First off, the question that you might be asking at this point is "is this book worth reading?"


There are lots of ways to answer this - are you interested in the shit show that is the Trump White House at the one year mark? (Answer: Yes, read it) Do you ever use the phrase "Fake News" in an unironic manner? (No - you won't get anything out of it) Are you sufficiently emotionally stable that you can stand to read more than 300 pages about all of the ways in which the Trump presidency is dysfunctional? (Yes, but be prepared).


But ultimately, I will say that for me, the point of the book wasn't to point fingers and laugh at Trump. He's exactly what you think he is: an intellectually small, puerile man who is obsessed with himself, who has some profoundly weird quirks. But the quirks aren't really all that important. It's funny to read about his weird fetish about people picking up his clothes, or his fear of being poisoned, or his bizarre practice of staying up late and talking on the phone with his billionaire boys club buddies.


The real lesson of this book, though, in my opinion, is this:


Washington D.C. and the GOP is a personality cult full of treasonous enablers who are watching Trump destroy our Republic for short term personal gain. The stench of Trump is pervasive, and, at the end of this sad tale, they will be judged with the weight of history.


Sometimes, I use the expression "Nero fiddling while Rome burns," and I think that this is apposite here (regardless of its likely historical inaccuracy." But it is not Trump who is Nero. Nero is Paul Ryan, Mitch McConnell, General McMaster, Reince Preibus, John Kelly, and the rest of the men who have purported to be public servants, who have made careers out of "putting the country first," (ha, I know) who are ignoring Trumps unfitness for short term gain. They are, quite literally, fiddling while Rome burns.


"Arguably—and on many days indubitably—most members of the senior staff believed that the sole upside of being part of the Trump White House was to help prevent worse from happening. In early October, Secretary of State Rex Tillerson’s fate was sealed—if his obvious ambivalence toward the president had not already sealed it—by the revelation that he had called the president “a fucking moron.” This—insulting Donald Trump’s intelligence—was both the thing you could not do and the thing—drawing there-but-for-the-grace-of-God guffaws across the senior staff—that everybody was guilty of.


Everyone, in his or her own way, struggled to express the baldly obvious fact that the president did not know enough, did not know what he didn’t know, did not particularly care, and, to boot, was confident if not serene in his unquestioned certitudes. There was now a fair amount of back-of-the-classroom giggling about who had called Trump what.


For Steve Mnuchin and Reince Priebus, he was an “idiot.” For Gary Cohn, he was “dumb as shit.” For H. R. McMaster he was a “dope.” The list went on. Tillerson would merely become yet another example of a subordinate who believed that his own abilities could somehow compensate for Trump’s failings.

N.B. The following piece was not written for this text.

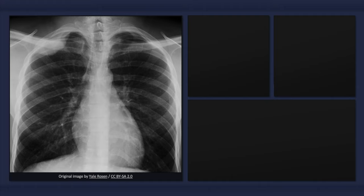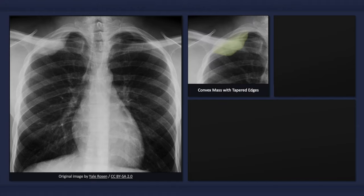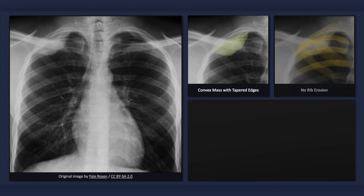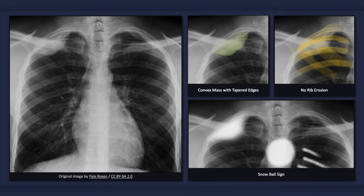The diagnosis of pleural lipoma cannot be made on the basis of a plain radiograph alone. Nonetheless, on a chest x-ray it appears as a focal homogeneous opacity with a convex bulge and a sharp border, with no evidence of bone destruction such as rib erosion. The radiographic appearance has been likened to a snowball after having made impact with a wall — note that the edges of the mass are tapered and there is an obtuse angle between the lung wall and the contour of the lesion.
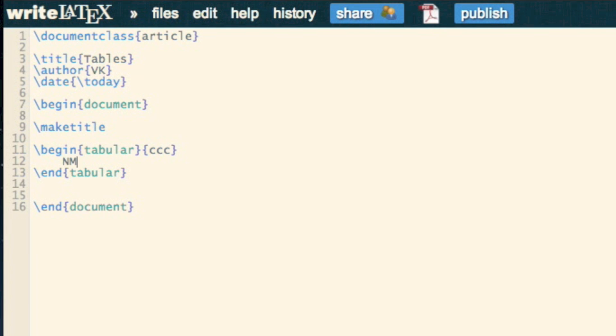I'm going to have Name, and then I separate a column with an ampersand, so I'm going to have Gender, separate it again, and I'm going to have Start Time. So there are my three columns.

Aligned with Tillerson were the three generals, Mattis, McMasters, and Kelly, each seeing themselves as representing maturity, stability, and restraint. And each, of course, was resented by Trump for it. The suggestion that any or all of these men might be more focused and even tempered than Trump himself was cause for sulking and tantrums on the president’s part."


But here is the thing, there comes a point - and we are well past that point - that a person cannot excuse the fact that they are profiting by chaos by claiming that they are trying prevent chaos.


They are treasonous ratfucks, every last one of them. 


Trump isn't Nero - he is the infantile Dauphin, a toddler throwing a tantrum over the toy he can't have, and he is the Harvey Weinstein of government. It is an open secret that he is utterly unfit for the office of the President of the United States of America. According to Wolff, everyone knows it. 


And you know what, this is believable, because WE ALREADY KNOW THAT IT IS TRUE. You know it. I know it. Even his stupidest supporter knows it, they're just so delighted that he's a finger in the eye of the liberal elite that they don't care. 


So, in the end, this book makes Trump look bad. But it makes the people around him look worse. They are the capable ones. They are responsible.


And history will judge them. Harshly.